Here we will do a demo to run fastp on a dataset I have already downloaded. The following steps comprise a typical workflow.

1. Create a working directory for this exercise.
2. Locate data.
3. Set up _fastp_ through a container and make an alias.
4. Run the program on a single dataset. Inspect.
6. Write a script to run the other datasets in a batch job (we'll do this from the terminal)

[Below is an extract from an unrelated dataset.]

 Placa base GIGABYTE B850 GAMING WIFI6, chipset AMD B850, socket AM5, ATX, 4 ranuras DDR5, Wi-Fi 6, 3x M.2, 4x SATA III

First, let's set aside some space in the working directory. 

In [None]:
# Step 1: create a workspace
cd /scratch/summit/$USER
mkdir -p DSCI512_RNAseq
cd DSCI512_RNAseq
pwd

In the upper lefthand corner, go to File -> `Open from path...` and paste in the output from the previous command.  This will open the file browser to the current location.
***
Now we're going to link a data directory to this current directory. We do this because the data is very large and will take too long for a demonstration. 
The link will reside in the present directory and act like any other, except you won't be able to change its contents. It is __read-only.__

In [None]:
# make directories to use through processing
# skipping 01_input - we will make that with a link below
mkdir 02_output
mkdir 03_scripts
mkdir 04_logs
mkdir 05_nothing


In [None]:
#link to the data directory (I have already downloaded everything)
ln -sv /scratch/summit/dcking@colostate.edu/DSCI512/2019/data 01_input

In [None]:
# Look at your directory structure.
ls -l

***

# Running fastp

We will run this through a singularity container:

 * Load the singularity module
 * Test the container with the full command (long)
 * Make an alias for the long command

In [None]:
# Step 3: load the module that works with containers
module load singularity
module list

The following command:
`singularity exec /projects/dcking@colostate.edu/containers/Summit_RNAseq_container.sif fastp`
 * __singularity__ - A program that reads a container.
 * __exec__ - verb: execute
 * ___[path to container image]___: The container itself, called an image.
 * __fastp__: The program you want to execute.

In [None]:
# Step 4: Run fastp through the container without arguments- gives catalog of available flags
singularity exec /projects/dcking@colostate.edu/containers/Summit_RNAseq_container.sif fastp

__Note__: The warning <font color=orange>WARNING: Non existent 'bind path' source: '/rc_scratch'</font> is due to the configuration and is not a problem.

In [None]:
# Make an alias for fastp
alias fastp='singularity exec /projects/dcking@colostate.edu/containers/Summit_RNAseq_container.sif fastp'

You will now be able to type _fastp_ in place of the long command.

In [None]:
# Test the alias- same output.
fastp

## fastp command usage

__The usage message tells us for paired end data:__

`-i readfile1.fastq -I readfile2.fastq`

`-o outputfile1.fastq -O outputfile2.fastq`

`[options]`

For the options:

 * __-x__: remove polyX (polyAs polyCs polyGs polyTs)
 * __-p__: overrepresentation analysis
 * __--thread__: We only have 1 on jupyterhub. We can use more in our script.
 * __-h,-j__: The report filenames in html, json (javascript object notation).

***
The command below runs on the smallest dataset. The backslashes `\` allow the command to wrap onto multiple lines.

In [None]:
time fastp -i 01_input/SRR5832199_1.fastq       -I 01_input/SRR5832199_2.fastq \
           -o 02_output/SRR5832199_trim_1.fastq -O 02_output/SRR5832199_trim_2.fastq \
           -h 02_output/SRR5832199_report.html  -j 02_output/SRR5832199_report.json\
           --thread 1 \
           -x -p 


It is running while you still see <font color="blue">`In [*]`</font> with the asterisk. Give it 1-2 minutes. Also, you'll see <font color=orange>WARNING: Non existent 'bind path' source: '/rc_scratch'</font> again until the output comes.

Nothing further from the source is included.